The Foundation is honored to invite Chia-En Jao, full-time lecturer at the Department of Fine Arts, Taipei National University of the Arts, as the keynote speaker for this expert lecture. Beginning with Marcel Duchamp, Roni Horn once mentioned in The Art Newspaper podcast: “I think that within Duchamp’s conceptual framework, he dealt with a way of experiencing that was deeply meaningful, which also involved analytical and logical dimensions... I also appreciate his interpretation of androgyny and his freedom in relation to gender, and everything about all of that.” Duchamp’s works and writings have influenced Horn’s conception of sculpture as well as her depiction of androgyny and gender issues. From Horn’s early works of the 1970s to her most recent creations, the lecture will offer a comprehensive discussion on the metaphors of identity in her art, the refined visual language of her works, and the subtle shifts between sculpture and photography—exploring the deeper meanings encoded in elements such as color, texture, light and shadow, and text. Through this lecture, we hope to guide the audience in experiencing the sensibility of Horn’s works, while gaining deeper insight into the themes that extend beyond the material and visual frameworks.
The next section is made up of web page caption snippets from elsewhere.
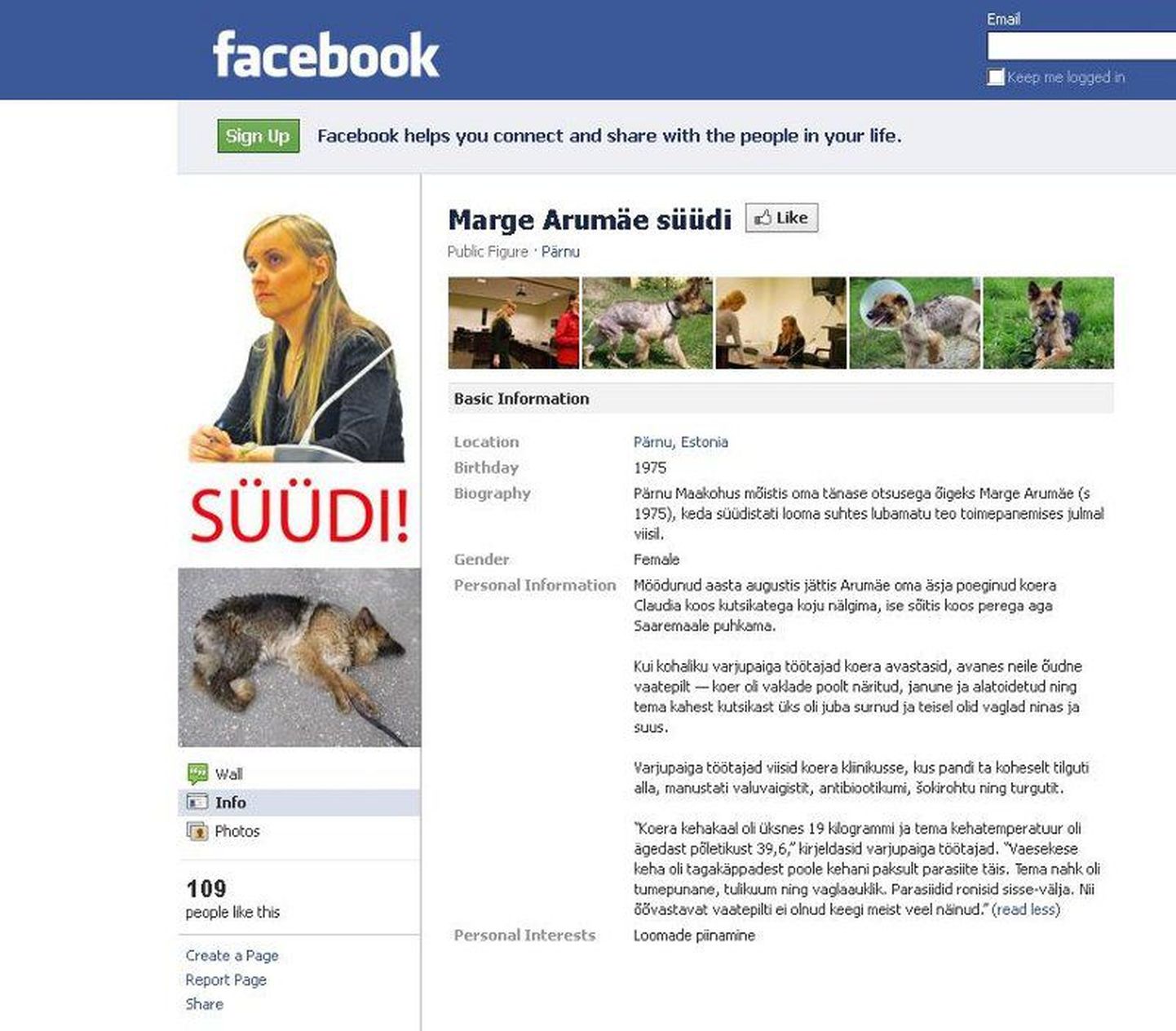 Sotsiaalmeedia kanalis Facebook avati lehekülg "Marge Arumäe süüdi!".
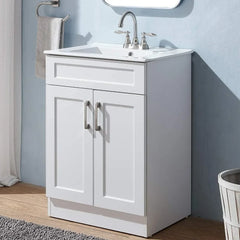 24" White Bathroom Vanity with Ceramic Sink – Modern Small Bathroom Vanity Cabinet with Double Doors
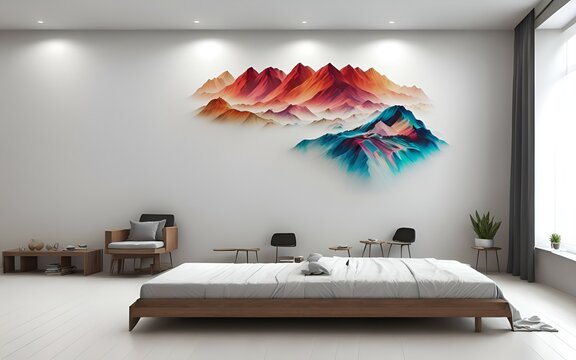 Photo of a cozy bedroom with twin beds and a beautiful painting on the wall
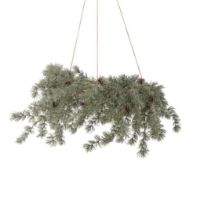 Billede af Bloomingville Cedar Krans Ø: 70 cm - Grøn m. Kunstige Blomster
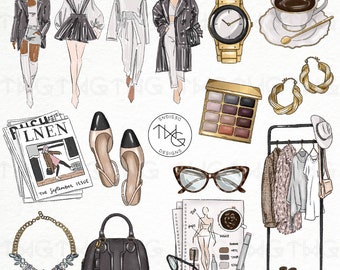Fall Fashion Illustration Clipart: Runway Looks, Outfits (Digital Stickers)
“Duchamp’s influence on Roni is how he allows the time of a work to be extended to be equal to her life.” - Chia-En Jao
Roni Horn once mentioned in The Art Newspaper podcast: “I think that within Duchamp’s conceptual framework, he dealt with a way of experiencing that was deeply meaningful, which also involved analytical and logical dimensions... I also appreciate his interpretation of androgyny and his freedom in relation to gender, and everything about all of that.”
Chia-En Jao, full-time lecturer and artist at the Department of Fine Arts, Taipei National University of the Arts, in this lecture discussed the artists who influenced Horn in her youth: Marcel Duchamp, including the era he grew up in, his artistic concepts, and his development, analyzing the deeper meanings of Horn’s works from the outside inward, layer by layer. Chia-En summarized many key words about Duchamp: Infra-mince (extremely subtle), Readymades, The 4th Dimension. Duchamp was skilled at addressing issues of ambiguity and difference in his works, and Horn’s creations also contain similar concepts or principles. The lecture mentioned many correspondences between Duchamp’s and Horn’s works, such as the subtle similarities and differences expressed in the You Are the Weather photography series and the emotional feelings projected by the works; the clever relationship between the Rings of Lispector (Agua Viva) series and Duchamp’s 1926 kinetic sculpture Anémic Cinéma. Chia-En also mentioned that Horn’s works speak more about the space outside the picture, not just what the retina sees, and that viewers should return to a primal state to understand them.